Civil War Volunteers

The Oneida Community missed the draft for the Civil War because the Madison County draft board was located in Morrisville, 14 miles South of Oneida, who thought The Community was located in Oneida County.  It was located in Madison County.  The city of Oneida is actually about three miles North West from the Community.  The following Community members volunteered for the North.  The Community was by no means anti- government.

The Following Men Joined While Members of The Oneida Community:

Evan S. Nash

Edwin Nash

Nash was born Feb 1, 1848, a founders child.  He enlisted in the 44th Regiment of New York Infantry and served three years in the Civil War, from 1861 – 1864.  Nash was taken prisoner at the Battle of Wilderness, later rescued by General Custer. He was part of the group that went to Santa Ana, California after the Community dissolved.  He bequeathed a large collection of Oneida Community information to Stanford University.



                                                                                                                                                                                                                                                       Samuel S. Hutchins



Hutchins joined the Oneida community with his family on March 17, 1850. He was 10 years old.  He enlisted at age 22 at Oneida, NY on April 2, 1862 as a private in Company H. 34th Infantry Regiment of New York Volunteers.
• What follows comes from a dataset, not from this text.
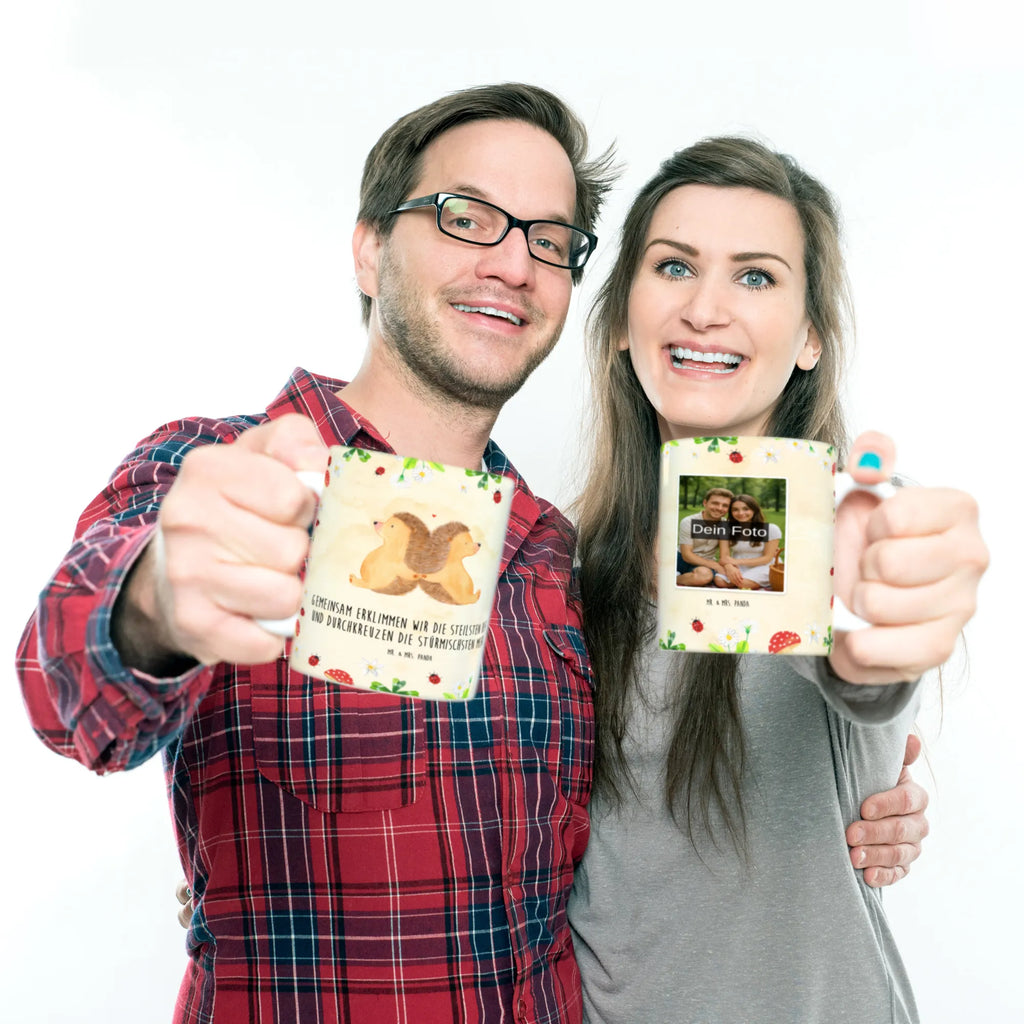 Personalized Photo Mug Hedgehogs holding hands Personalisierte Foto Tasse, Liebe, Partner, Freund, Freundin, Ehemann, Ehefrau, Heiraten, Verlobung, Heiratsantrag, Liebesgeschenk, Jahrestag, Hocheitstag, Igelliebe, Lieblingsmensch, Hand in Hand, Liebesbeweis, Hochzeit, große Liebe, Gemeinsamkeit, Igel, Love, Liebesbotschaft, Geschenk für zwei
He was discharged November 14, 1862 on a disability.  Hutchins reenlisted December 14, 1863 in the 9th Regiment of the New York Heavy Artillery.  In May 1864 he was sent to a hospital in Philadelphia and sent home on “furlough”. He died of typhoid fever on December 2, 1864.






William Langstaff Vaill 

Vaill enlisted on June 17, 1864.  He was wounded at the Battle of Cedar Creek, Virginia. He had a leg amputated. Vaill, a 17 year old, later died in a Washington, DC hospital after less than six months of service.

Those Who Served Prior To Joining The Oneida Community:

                                                                                                                                                                                                                                                                 Lorenzo Bolles, Jr. 



Bolles was 39 years old living in Iowa when he enlisted on July 28, 1862. Shortly thereafter he was commissioned as Regimental Chaplain on January 6, 1863 in Houston, Missouri.  Due to sunstroke, he suffered a disability and resigned July 16, 1863.








James W. Towner

Towner was born in Willsboro, New York, one of twelve children of Samuel Upson Towner and Sophia Webb Smith.  He completed a course in the Franklin Academy.  In 1850 he married Cinderella Sweet. Towner then studied theology and entered the Universalist ministry in Westfield, Ohio. James Towner defended the Northern side of the slavery question, studied law and was admitted to the bar in Iowa in 1859.

Once the civil war broke out, he was among the first who enlisted for three years, entering camp at Dubuque, Iowa, on August 1861. There the 9th Iowa Volunteer Infantry was organizing and he was chosen captain of Company F. He went to the field with his regiment in September.  He served in Missouri and Arkansas until the battle of Pea Ridge, March 5-7,1862. In that bloody conflict he was badly wounded, losing his left eye. While recovering, he was absent on leave until July.  He then rejoined the regiment at Helena, Arkansas and was in the actions at Chickasaw Bayou, Mississippi, on December 30,1862, and Arkansas Post, Arkansas, on January 12,1863. After becoming disabled for field service, he was discharged in February 1863, at Young’s Point, Louisiana and returned home. On leaving Company F near Vicksburg, all its members who were present, 56 in number, signed and presented to him a letter saying: “Learning with regret that you are about to leave us, we, your old company who have shared with you the hardships of the march, and the dangers of the battlefield, would tender you our warmest regards, and assure you that you will hold a place in our hearts around which will cluster the brightest memories. You have, captain, our prayers and best wishes.” This was one of Towner’s most valued life mementos. On October1863, he was commissioned Captain of the Invalid Corps (afterwards named the Veteran Reserve Corps) by President Lincoln in which he served with Company B, 2nd Regiment, doing garrison and post duty until July, 1866.


4 Comments (+add yours?)

  1. Steve Hanken
    Feb 01, 2014 @ 11:15:32

    Bolles, Lorenzo Jr. 21st Iowa Infantry Co. K, Age 39. Residence Sand Spring, nativity Connecticut. Enlisted July 28, 1862. Mustered Aug. 23, 1862. Promoted Chaplain Jan. 6, 1863. Resigned July 16, 1863.


  2. Steve Hanken
    Feb 01, 2014 @ 11:17:39

    Towner, James W.; 9th Iowa Infantry, Co. F, Age 37 Residence West Union, nativity New York. Appointed Captain Sept.14, 1861. Mustered Sept. 14, 1861. Wounded severely in head March 7, 1862, Pea Ridge, Ark. Resigned Jan. 30, 1863, Young’s Point, La.


  3. Chris Jepsen
    Apr 13, 2015 @ 19:55:04

    James W. Towner later went on to become our first Superior Court Judge here in Orange County, California.